Mars-avril 2017 : aux origines d'un mouvement social sans précédent

Déjà un an. Un an et l’heure du bilan. Le 17 Juin 2017, les 500 frères faisaient irruption à la CTG, provoquant une onde de choc. La source d’un mouvement social sans précédent, qui a marqué l’histoire de la Guyane à jamais.

500 frères contre la délinquance


Le 11 Février, un homme était tué à cité Eau Lisette. Un meurtre gratuit. Trop c’est trop ! Les grands frères des cités s’organisent et créent la surprise : les 500 frères contre la délinquance sont nés. A la surprise générale, ils défilent dans les rues, habillés de noir et masqués.

Mickael Mancé porte-parole des 500 frères explique :

"Ce n'est pas d'aujourd'hui, qu'il existe des problèmes d'insécurité en Guyane. Rien ne change malgré nos alertes. Nous voulons marquer les esprits." 


Reçus par le Préfet de l’époque Martin Jaeger, ils montrent leur détermination. La peur doit changer de camp. Un mouvement que beaucoup sous estimeront … Ils auront tort.

Ségolène Royal en première ligne



Le 16 Mars Ségolène Royal, arrive en Guyane après être passée par les Antilles. Elle doit participer à un segment de  la Convention de Carthagène et inaugurer le Pont de l’Oyapock qui unit la France au Brésil. La ministre de l’Environnement, de l’Energie et de la Mer, est accueillie par les socioprofessionnels en colère. Plusieurs sites sur lesquels elle était attendue sont bloqués : le Parc Amazonien, la Collectivité Territoriale et la Préfecture.

Valérie Vanoukian porte parole des socioprofessionnels se justifie :

"Il nous fallait saisir une opportunité pour nous faire entendre. C'est fait. La venue de la Ministre nous permet d'interpeller sur nos revendications."


Coup de force des 500 frères


La ministre Ségolène Royal face aux 500 frères cagoulés à la CTG

Le lendemain, à la Convention de Carthagène, les 500 frères déboulent à la Collectivité Territoriale en plein débat sur l’avenir de la planète. Une invasion musclée, très spectaculaire, qui suscite la peur chez certains. Les 500 frères emmenés par Mickael Mancé, José Achille et Olivier Goudet de Trop Violens, ne désarment pas.
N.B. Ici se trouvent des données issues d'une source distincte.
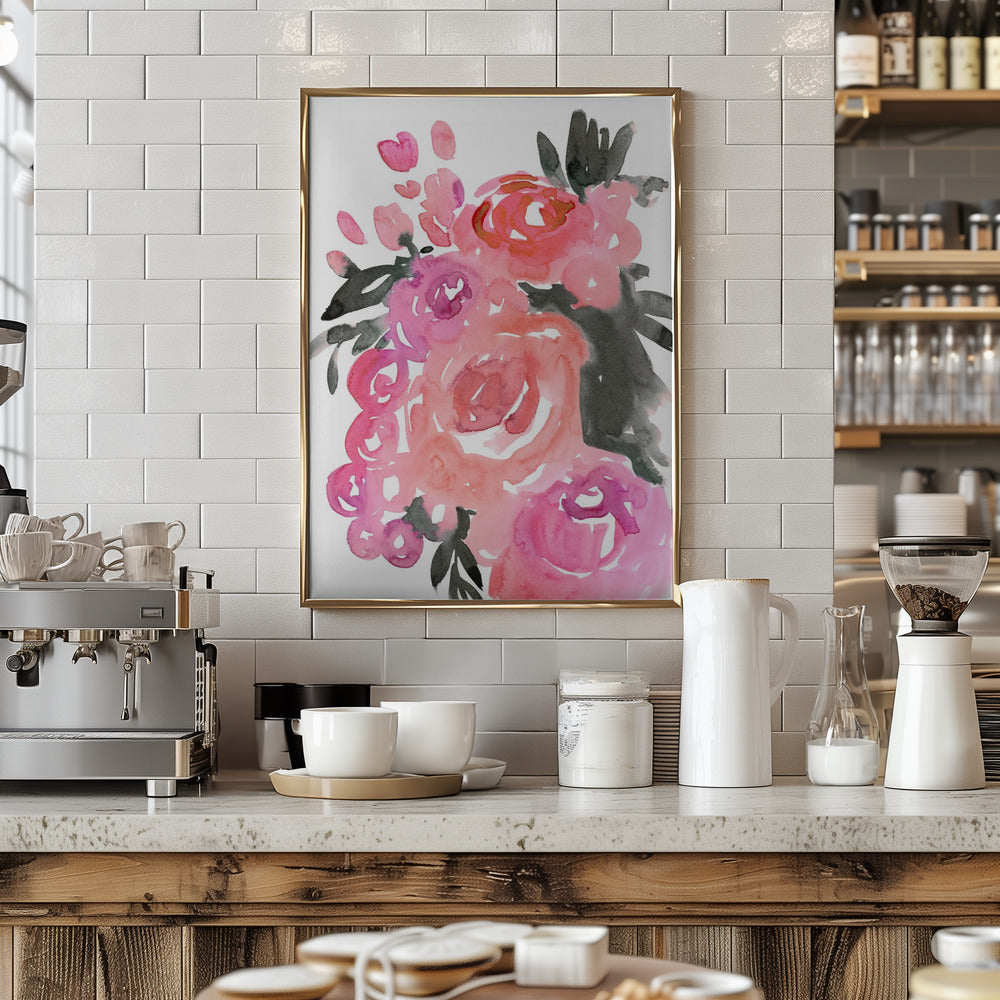 Maeko loose watercolor florals II - Stretched Canvas, Poster or Fine Art Print I Heart Wall Art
Ils  demandent la signature d’accords d’extraditions avec les pays limitrophes ainsi que des mesures concrètes contre l’insécurité en Guyane. Ils veulent déjà, la venue chez nous des Ministres de l’Intérieur, des Affaires étrangères, de la Santé et de l’Education. Un véritable choc pour les participants étrangers dont certains décident de repartir. 

Rodolphe Alexandre, président de la CTG alarmé : 

"Au delà de la violence, on a des participants étrangers complètement traumatisés.Trois délégations quittent la Guyane ce soir. Nous frôlons l'incident diplomatique."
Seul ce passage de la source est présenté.